Les pressions angolaises ont payé

Soulagement à Luanda, qui espère charrier tout le trafic de minerais congolais qui se fait actuellement par route à destination de l’Afrique. L’enjeu n’est pas sans conséquences politiques et économiques, laissent entendre des observateurs.

 

Arrêt sur image. La dernière fois qu’un lingot de cuivre a traversé la frontière pour être exporté via le chemin de fer angolais de Benguela date de 1981, selon les annales de la Générale des carrières et des mines (GECAMINES). Et avec le déclin du trafic rail-fleuve-rail (Katanga-Ilebo-Kinshasa-Matadi), les minerais de la RDC passaient via la route par la Zambie et le Zimbabwe pour l’Afrique du Sud en vue de leur exportation. Lundi 5 mars, a eu lieu la cérémonie de réouverture au trafic de la voie ferrée Kolwezi-Dilolo.

Au-delà du symbole, l’événement a une importance économique majeure, expliquent des connaisseurs. D’après eux, l’Angola n’est pas n’importe quel voisin pour la République démocratique du Congo. Puissance militaire dans la région, pays producteur de pétrole, transition démocratique en soft landing, budget annuel de plus de 40 milliards de dollars… l’Angola cherche depuis des années à étendre « sa » puissance au domaine économique afin de « jouer pleinement un rôle de premier rang » dans le processus d’intégration régionale en Afrique. « Si la RDC n’a pas conscience qu’elle doit jouer le rôle de locomotive et de trait d’union économiques dans la région, les autres États vont devoir le faire à sa place. C’est ce qui arrive… », déclare un expert économique de la Commission de l’UA.

Dialogue et coopération

La réouverture de la voie ferrée Kolwezi-Dilolo – qui est en fait le prolongement du chemin de fer angolais de Benguela (Caminho de ferro de Benguela) – est donc un enjeu de taille. On sait que depuis un certain temps, Luanda ne cachait plus son agacement vis-à-vis de Kinshasa. Dans le cadre de la tripartite Angola-RDC-RSA, les trois pays ont convenu de réfléchir notamment sur les projets communs d’intégration régionale. Politiquement, la tripartite a été voulue au départ comme un « Mécanisme de dialogue et de coopération ». Les présidents Edouardo Dos Santos, Jacob Zuma et Joseph Kabila Kabange s’étaient mis d’accord sur la meilleure façon d’appliquer cet accord, en signant un « Mémorandum d’entente ».

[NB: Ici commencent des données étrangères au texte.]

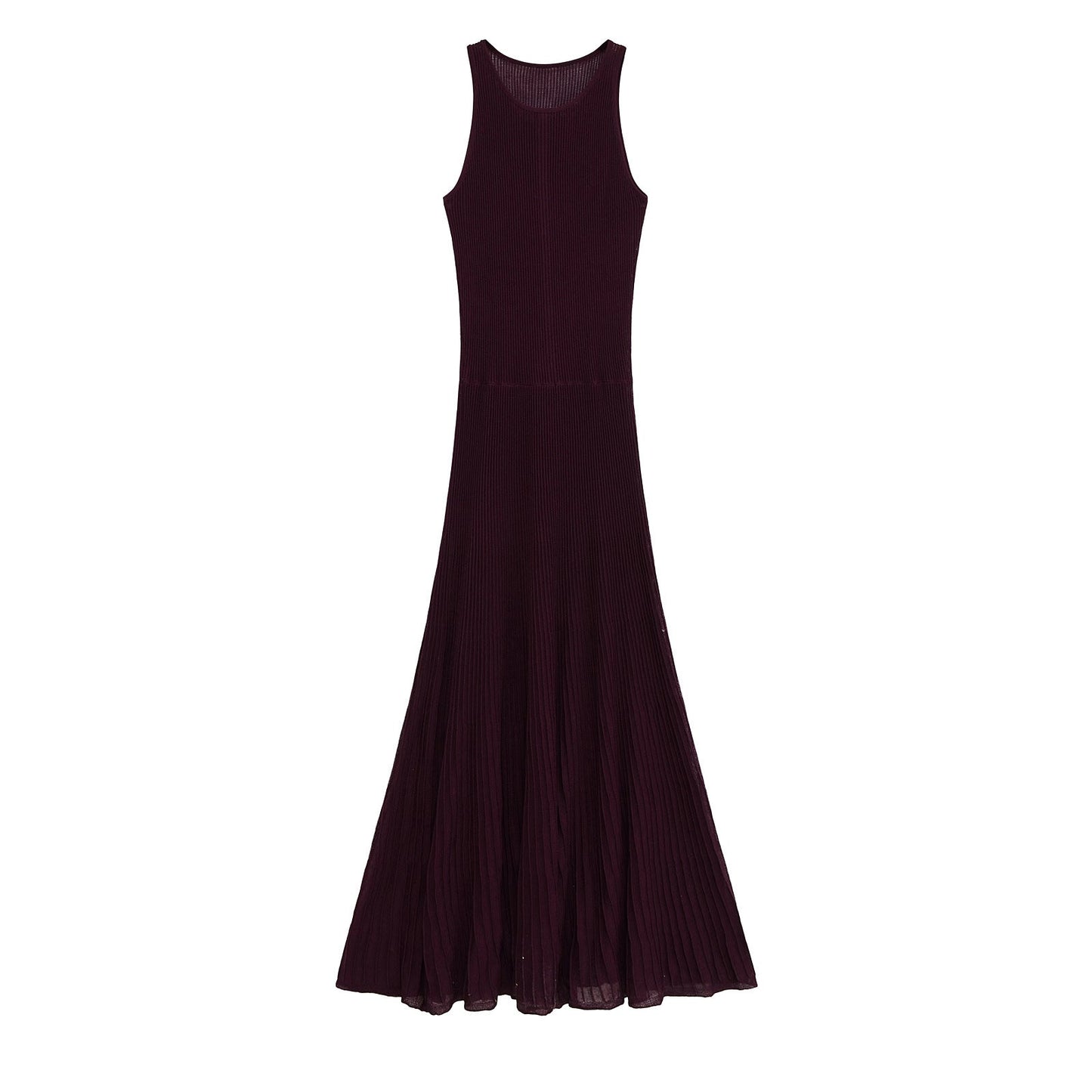 Spring New  Style Round Neck Solid Color Women's Design Sense Unique Temperament Suit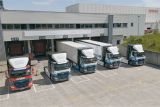 VDL FCEV trucks Powered by Toyopta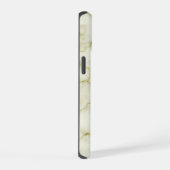 Groen marmeren patroon iPhone 15 case (Rechterkant)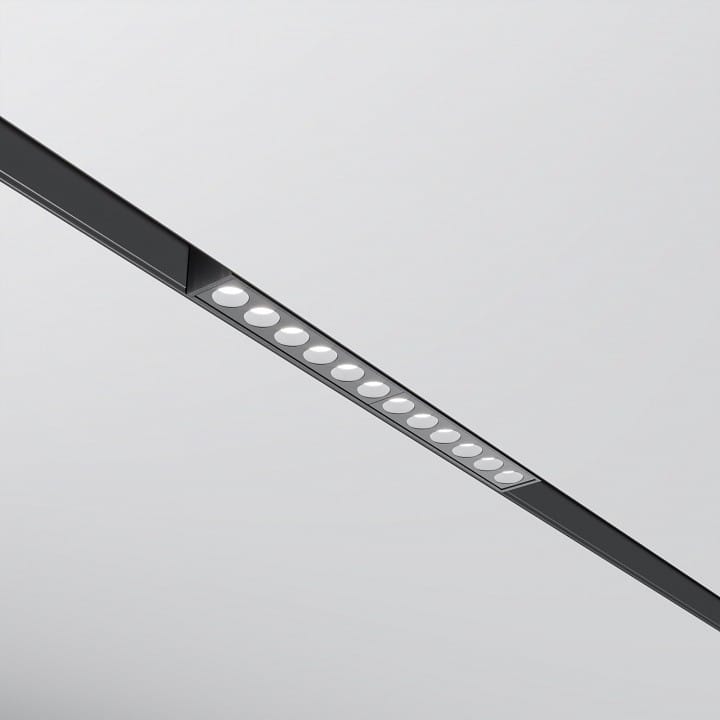 Встраиваемый светильник Maytoni Technical Точки TR031-4-12WTW-DD-B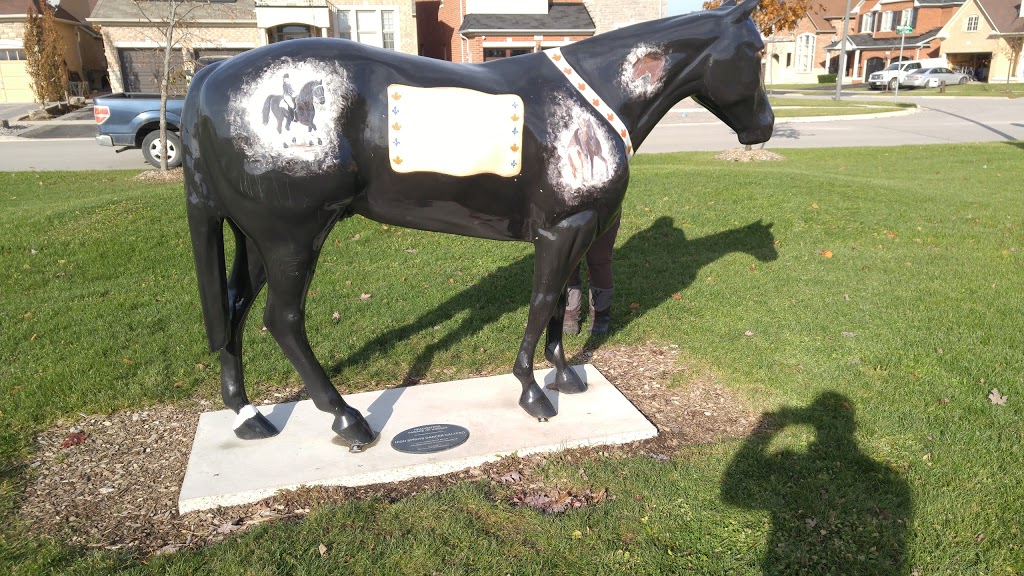 Hickstead Memorial park | 22 Rose Cottage Lane, Schomberg, ON L0G 1T0, Canada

Sur le plan économique, cet accord de coopération tripartite porte sur plusieurs projets d’intérêt commun, essentiellement sur les ports de Lobito (Angola) et Durban (Afrique du Sud), ainsi que sur le Grand Inga (RDC). Comme on le voit, Luanda est donc très soucieux de l’amélioration des réseaux routier et ferroviaire dans la région, ce qui stimulerait le transport des marchandises et des matières premières, et faciliterait les transactions et les négociations… Depuis 2016, le voisin angolais ne cachait plus sa nervosité de voir que la RDC ne faisait pas assez pour connecter ses réseaux de transport avec l’Angola. Objectif : attirer le trafic minier vers les rails, le port de Lobito étant donc le terminal tout indiqué pour les minerais du Katanga.

En novembre 2017, Luanda a dépêché à Kinshasa son ministre des Transports, Augusto da Silva Tomais, porteur d’un message de Joao Lourenço au chef de l’État Joseph Kabila Kabange. Pour les Angolais, le chemin de fer de la société nationale des chemins de fer du Congo (SNCC) devait être connecté avec le chemin de fer de Benguela, au niveau de la localité Luao à la frontière angolaise, même à titre expérimental, fin 2017. Luao est en face de Dilolo, côté RDC. Il a fallu donc réhabiliter le tronçon de la voie ferrée de Kolwezi à Dilolo, environ 20 km. Un contrat de partenariat a été signé par les ministres des Transports de la RDC et de l’Angola pour la réhabilitation du réseau SNCC, de Lubumbashi à Dilolo.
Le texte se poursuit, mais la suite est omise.